Talking heads ... Jamie Campbell with Bobby Brown. Photograph: ITV
It's not often the words "chat show" and "compelling viewing" go together, but last night's 24 Hours With ... seemed to bring something new to the party. In a landscape where Norton, Ross and Parkinson are distinguishable more by their monologues than anything wheedled out of the guests, the idea of locking up Bobby Brown with an interviewer for the day was always likely to produce fireworks, and when they finally arrived the tension was first hilarious and then unnervingly palpable.

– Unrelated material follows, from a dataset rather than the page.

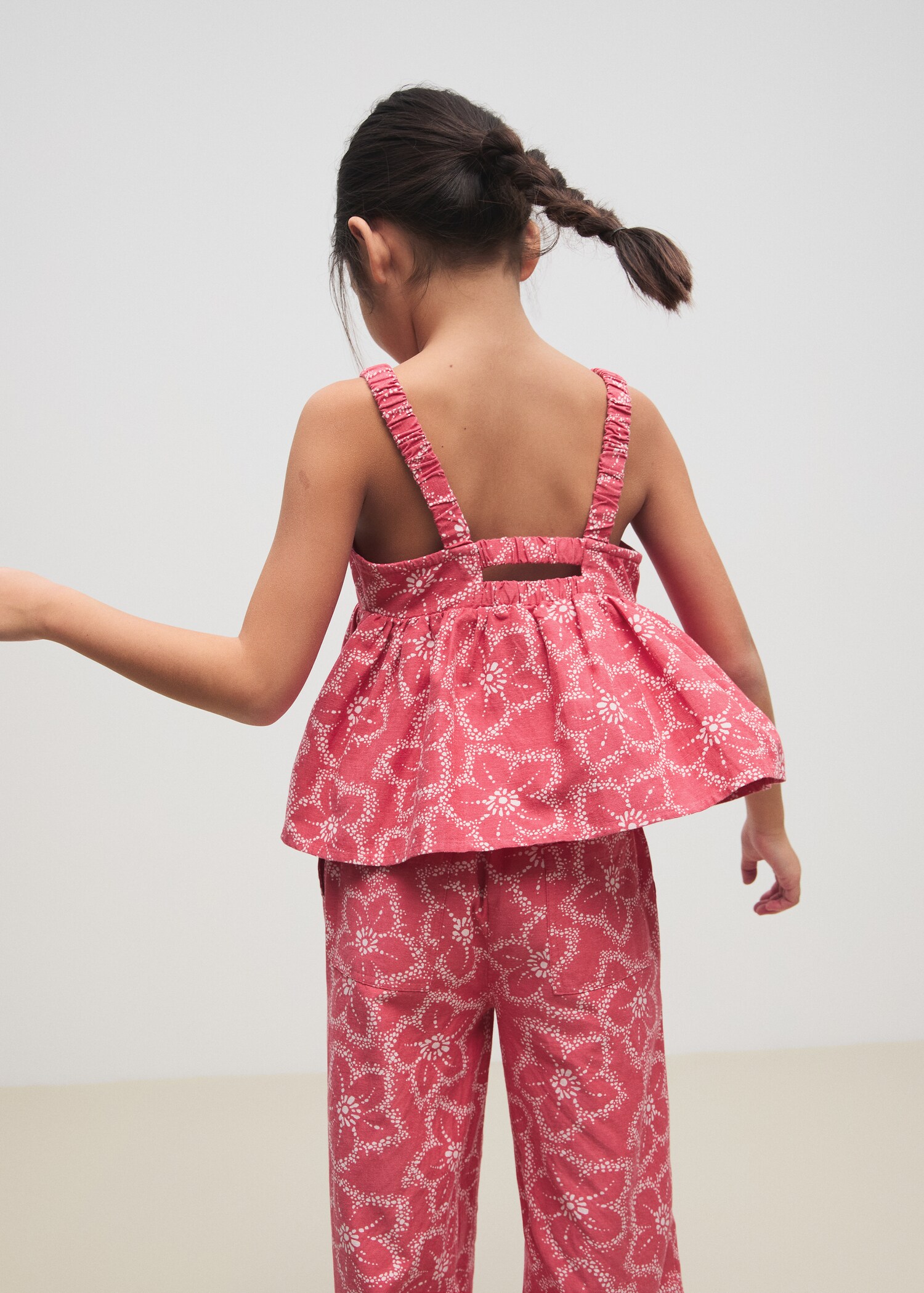 Blusa estampado floral - Detalle del artículo 1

Would ex-New Statesman journalist Jamie Campbell really get "fucked up all over the room" as his subject threatened? Would the producers intervene? Would Bobby walk before the clock ticked down? For a moment nobody knew the answers, or indeed understood why the confrontation had arisen in the first place.

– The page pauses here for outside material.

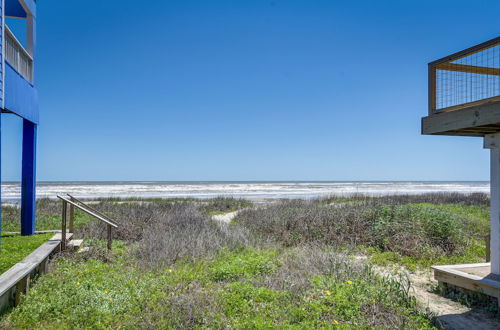 Photo 7 - Modern Galveston Vacation Rental: Steps to Beach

All was going well for the first half hour (edited down from around 12 hours footage.) with Bobby revealing himself to be surprisingly undamaged but still in denial about his career, public perception and marriage to Whitney Houston. And although the star seemed hurt that his own sister had joined in his public condemnation, it was hard not to sympathise with him being blamed for destroying Whitney's career when it could be claimed that she had done the very same thing to his.
And then, in an instant, an innocuous if clumsy jibe about trying "sex moves" on a cellmate backfired. The subsequent 10-minute standoff seemed to revolve around two questions: had Bobby been exposed as a rampant homophobe and was Campbell himself gay? And although neither question was adequately answered, the rest of the show proved anticlimactic by comparison, with tall tales of a jealous Osama Bin Laden putting out a contract on Brown's life and Campbell's excruciating attempts at "running man" dance moves.

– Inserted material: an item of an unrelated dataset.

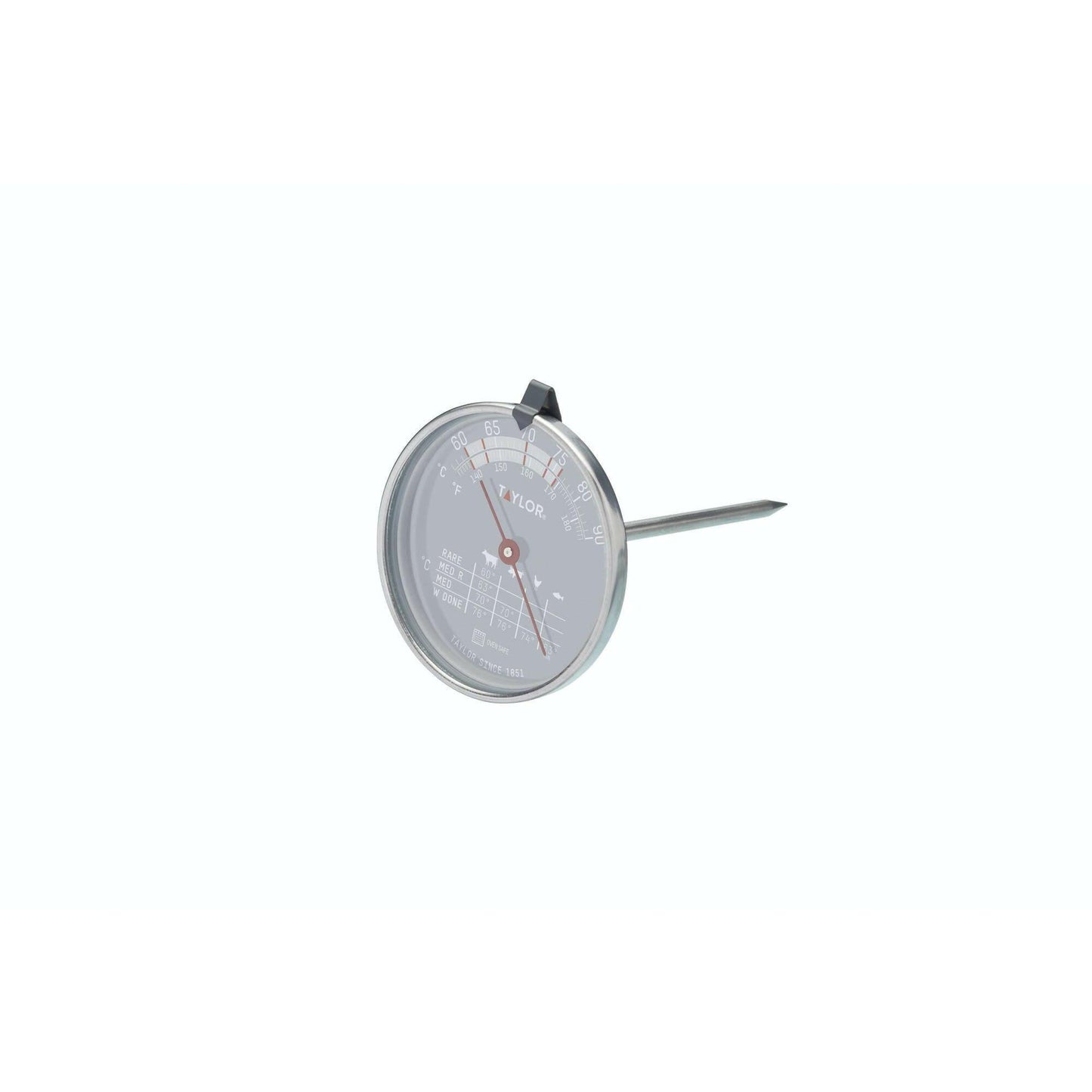 Taylor Pro Stainless Steel Leave In Meat Thermometer.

In truth, ITV was smart to start the series with the strongest guest, as it's unlikely David Gest or Stan Collymore will produce anything as interesting. It also raises the stakes for future chat shows.
Of course, the real winner in all this is Campbell. Brown will laugh this one off and move on, Campbell meanwhile will be judged by his first interview, and forced into engineering new controversy with every show. It's a trick Louis Theroux pulled a while back, albeit with considerably more charm, but it remains to be seen if there are enough celebrities around to risk their careers on building his or, indeed, reviving the chatshow format. Either way, Parky suddenly looks about 300 years older today.